57 Eu égard à l’ensemble des considérations qui précèdent, il convient de répondre à la question posée que l’article 3, sous a), du règlement no 469/2009 doit être interprété en ce sens qu’un produit composé de plusieurs principes actifs ayant un effet combiné est « protégé par un brevet de base en vigueur », au sens de cette disposition, dès lors que la combinaison des principes actifs qui le composent, même si elle n’est pas explicitement mentionnée dans les revendications du brevet de base, est nécessairement et spécifiquement visée dans ces revendications.
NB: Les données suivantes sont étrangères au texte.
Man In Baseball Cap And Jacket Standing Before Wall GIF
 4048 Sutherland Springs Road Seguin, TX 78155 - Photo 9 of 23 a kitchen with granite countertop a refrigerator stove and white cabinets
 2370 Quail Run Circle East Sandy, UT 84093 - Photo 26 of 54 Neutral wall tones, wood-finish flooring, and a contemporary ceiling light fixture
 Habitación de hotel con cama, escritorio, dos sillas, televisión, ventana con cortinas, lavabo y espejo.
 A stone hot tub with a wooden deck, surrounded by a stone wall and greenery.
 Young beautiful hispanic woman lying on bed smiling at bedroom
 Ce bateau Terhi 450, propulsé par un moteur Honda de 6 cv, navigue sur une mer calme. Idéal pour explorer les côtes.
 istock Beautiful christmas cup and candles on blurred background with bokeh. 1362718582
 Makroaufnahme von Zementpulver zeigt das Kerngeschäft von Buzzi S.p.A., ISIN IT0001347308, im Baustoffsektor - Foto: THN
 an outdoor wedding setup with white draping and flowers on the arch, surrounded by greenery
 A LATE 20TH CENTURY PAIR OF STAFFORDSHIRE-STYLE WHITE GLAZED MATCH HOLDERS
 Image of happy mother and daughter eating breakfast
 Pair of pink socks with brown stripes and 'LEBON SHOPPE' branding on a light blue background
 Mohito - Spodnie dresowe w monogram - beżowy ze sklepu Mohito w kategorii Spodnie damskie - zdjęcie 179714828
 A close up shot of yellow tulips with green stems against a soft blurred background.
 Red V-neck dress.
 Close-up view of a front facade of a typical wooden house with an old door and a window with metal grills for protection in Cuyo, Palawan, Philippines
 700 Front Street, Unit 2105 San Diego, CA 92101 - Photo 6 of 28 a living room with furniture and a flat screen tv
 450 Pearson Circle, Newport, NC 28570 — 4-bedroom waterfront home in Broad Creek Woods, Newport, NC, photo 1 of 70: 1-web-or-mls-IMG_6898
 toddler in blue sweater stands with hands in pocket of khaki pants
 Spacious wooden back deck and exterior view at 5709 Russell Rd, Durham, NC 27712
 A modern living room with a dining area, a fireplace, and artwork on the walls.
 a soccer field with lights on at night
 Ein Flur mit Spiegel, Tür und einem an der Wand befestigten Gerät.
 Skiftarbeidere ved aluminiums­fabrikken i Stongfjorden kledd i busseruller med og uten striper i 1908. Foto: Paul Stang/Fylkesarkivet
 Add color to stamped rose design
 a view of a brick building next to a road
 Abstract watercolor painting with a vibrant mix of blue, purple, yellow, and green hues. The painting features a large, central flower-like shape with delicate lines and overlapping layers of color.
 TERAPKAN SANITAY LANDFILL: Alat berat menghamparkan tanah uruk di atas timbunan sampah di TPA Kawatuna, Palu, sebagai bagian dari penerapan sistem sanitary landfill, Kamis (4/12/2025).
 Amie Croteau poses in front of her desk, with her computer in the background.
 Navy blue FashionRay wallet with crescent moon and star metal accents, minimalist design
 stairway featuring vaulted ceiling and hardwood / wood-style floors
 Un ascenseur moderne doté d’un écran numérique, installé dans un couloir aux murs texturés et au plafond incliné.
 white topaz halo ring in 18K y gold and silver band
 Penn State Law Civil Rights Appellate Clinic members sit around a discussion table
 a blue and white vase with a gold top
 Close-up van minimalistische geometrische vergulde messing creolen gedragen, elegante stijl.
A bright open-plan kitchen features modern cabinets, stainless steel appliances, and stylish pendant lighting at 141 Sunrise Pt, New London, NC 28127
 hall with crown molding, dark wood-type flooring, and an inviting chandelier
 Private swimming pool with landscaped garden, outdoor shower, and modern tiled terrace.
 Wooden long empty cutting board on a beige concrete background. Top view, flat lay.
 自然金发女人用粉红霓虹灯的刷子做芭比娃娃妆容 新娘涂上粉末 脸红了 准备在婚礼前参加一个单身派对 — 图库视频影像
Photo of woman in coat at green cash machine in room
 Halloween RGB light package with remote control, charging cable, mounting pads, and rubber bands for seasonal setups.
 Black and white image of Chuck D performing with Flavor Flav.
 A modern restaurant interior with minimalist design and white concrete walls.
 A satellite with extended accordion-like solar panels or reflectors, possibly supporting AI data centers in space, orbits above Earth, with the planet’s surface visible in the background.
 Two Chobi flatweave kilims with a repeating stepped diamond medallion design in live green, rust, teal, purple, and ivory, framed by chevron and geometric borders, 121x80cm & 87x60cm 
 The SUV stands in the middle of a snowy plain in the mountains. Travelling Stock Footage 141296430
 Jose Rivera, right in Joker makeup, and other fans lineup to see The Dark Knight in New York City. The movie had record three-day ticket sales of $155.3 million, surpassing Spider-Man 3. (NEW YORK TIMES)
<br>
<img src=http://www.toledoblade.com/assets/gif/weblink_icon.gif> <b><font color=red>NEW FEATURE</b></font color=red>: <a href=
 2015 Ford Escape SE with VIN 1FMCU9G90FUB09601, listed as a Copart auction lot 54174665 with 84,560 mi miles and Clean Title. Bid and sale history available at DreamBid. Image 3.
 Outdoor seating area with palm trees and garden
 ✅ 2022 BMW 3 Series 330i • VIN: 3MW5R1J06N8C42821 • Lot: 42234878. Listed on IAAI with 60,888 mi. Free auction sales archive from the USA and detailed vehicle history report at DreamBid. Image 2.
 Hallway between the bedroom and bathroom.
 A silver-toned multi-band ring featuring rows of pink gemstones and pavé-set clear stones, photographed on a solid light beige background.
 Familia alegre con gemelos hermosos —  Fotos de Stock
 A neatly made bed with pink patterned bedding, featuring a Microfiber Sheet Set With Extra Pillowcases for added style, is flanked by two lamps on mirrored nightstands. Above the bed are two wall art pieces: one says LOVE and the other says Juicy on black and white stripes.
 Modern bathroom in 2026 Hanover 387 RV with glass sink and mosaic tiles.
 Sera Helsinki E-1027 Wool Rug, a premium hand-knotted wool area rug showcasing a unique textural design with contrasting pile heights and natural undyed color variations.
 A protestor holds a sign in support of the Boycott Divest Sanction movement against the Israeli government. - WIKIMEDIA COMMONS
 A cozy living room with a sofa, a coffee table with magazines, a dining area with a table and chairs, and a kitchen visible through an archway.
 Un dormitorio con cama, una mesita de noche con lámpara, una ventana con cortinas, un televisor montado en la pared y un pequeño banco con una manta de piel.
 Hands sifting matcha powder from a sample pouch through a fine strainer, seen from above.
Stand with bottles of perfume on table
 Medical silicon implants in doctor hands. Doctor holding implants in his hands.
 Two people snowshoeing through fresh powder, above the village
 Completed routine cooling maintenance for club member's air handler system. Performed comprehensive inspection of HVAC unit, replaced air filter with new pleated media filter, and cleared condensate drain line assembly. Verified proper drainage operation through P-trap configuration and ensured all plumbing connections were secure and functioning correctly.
À cette fin, du point de vue de l’homme du métier et sur la base de l’état de la technique à la date de dépôt ou de priorité du brevet de base :
– la combinaison de ces principes actifs doit relever nécessairement, à la lumière de la description et des dessins de ce brevet, de l’invention couverte par celui-ci et
– chacun desdits principes actifs doit être spécifiquement identifiable, à la lumière de l’ensemble des éléments divulgués par ledit brevet.
La décision en droit
L’article 3, sous a), du règlement (CE) no 469/2009 du Parlement européen et du Conseil, du 6 mai 2009, concernant le certificat complémentaire de protection pour les médicaments, doit être interprété en ce sens qu’un produit composé de plusieurs principes actifs ayant un effet combiné est « protégé par un brevet de base en vigueur », au sens de cette disposition, dès lors que la combinaison des principes actifs qui le composent, même si elle n’est pas explicitement mentionnée dans les revendications du brevet de base, est nécessairement et spécifiquement visée dans ces revendications. À cette fin, du point de vue de l’homme du métier et sur la base de l’état de la technique à la date de dépôt ou de priorité du brevet de base :
– la combinaison de ces principes actifs doit relever nécessairement, à la lumière de la description et des dessins de ce brevet, de l’invention couverte par celui-ci et
– chacun desdits principes actifs doit être spécifiquement identifiable, à la lumière de l’ensemble des éléments divulgués par ledit brevet.